Savoir trouver sa place est donc déterminant pour parvenir à décrocher de bons résultats sur la scène mondiale. Beaucoup de filles s’y sont longtemps heurtées avant de parvenir à trouver le remède. Dans le style, Lore Hoffmann cite d’ailleurs volontiers la Britannique Keely Hodgkinson (21 ans), vice-championne olympique à Tokyo en 2021, vice-championne du monde et championne d’Europe en 2022.

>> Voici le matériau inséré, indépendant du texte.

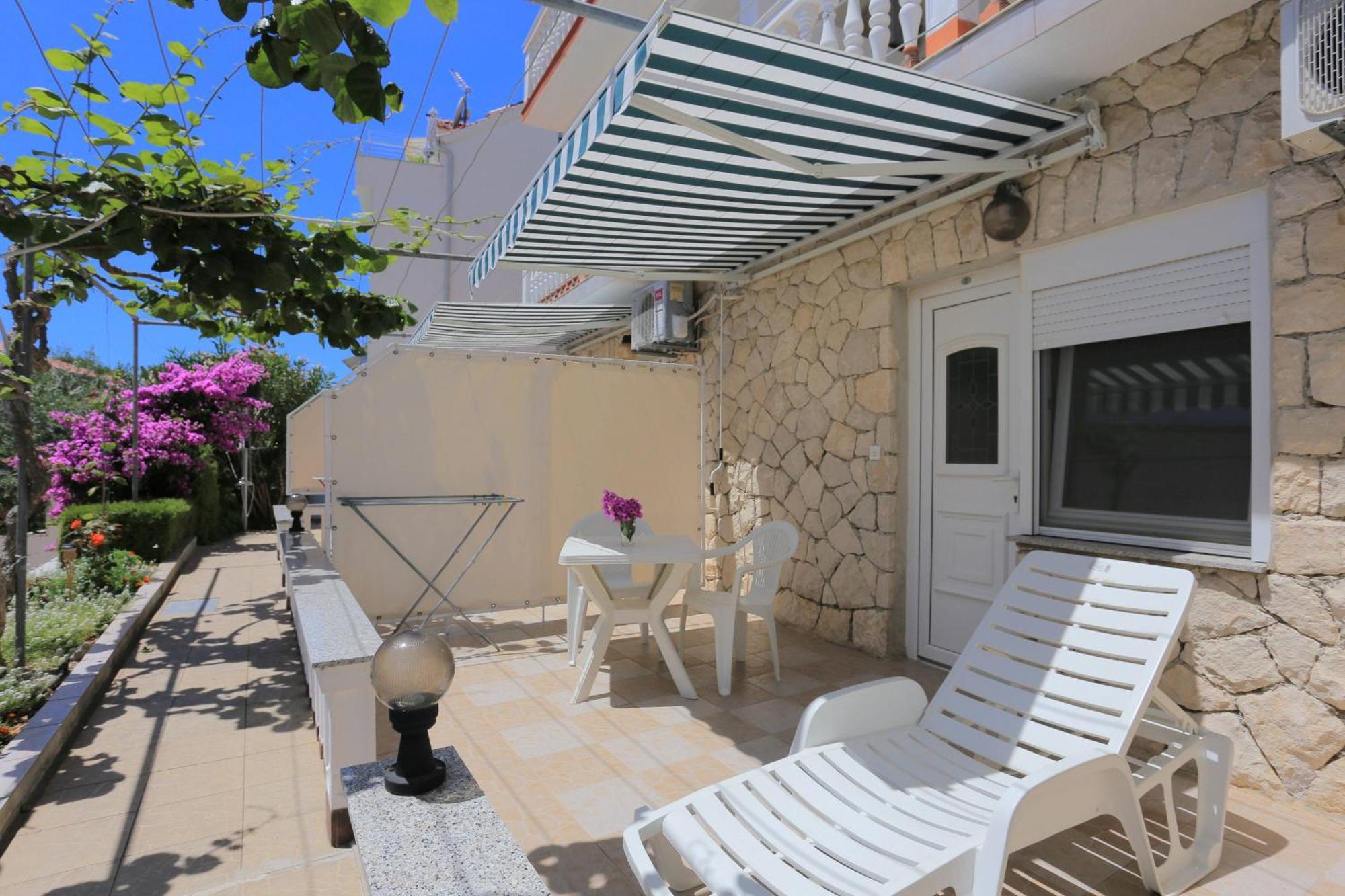 Family Friendly Apartments With A Swimming Pool Businci, Ciovo - 11232 تروغير المظهر الخارجي الصورة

«Keely est une fille qui a longtemps été très rapide sur 600 mètres mais n’avait jamais su se positionner sur 800, lâchait Lore, éliminée en demi-finales à Hayward Field l’an passé. Mais tout d’un coup, elle est parvenue à réajuster ses courses et à gagner des titres sur 800.» La Britannique est bien sûr un exemple de persévérance. Son évolution laisse entendre que les progressions explosives sont possibles sur la distance; elle a gagné 6” en une seule saison (record personnel à 1’55”77).

«Elle a dû avoir le fameux déclic psychologique, lâche Lore. Si je l’avais, j’aurais les clefs pour aller beaucoup plus vite.» Keely a toutefois deux avantages sur Lore; elle est plus jeune, et elle est surtout beaucoup plus sûre d’elle. «Lore est une fille qui a été brimée. C’est beau d’avoir tout compris et tout construit mais si elle ne surmonte pas ses barrières psychologiques, ça ne sert à rien. C’est une brute épaisse mais qui a peur. Elle peut être hargneuse, mais pour l’instant pas encore face aux bonnes adversaires.»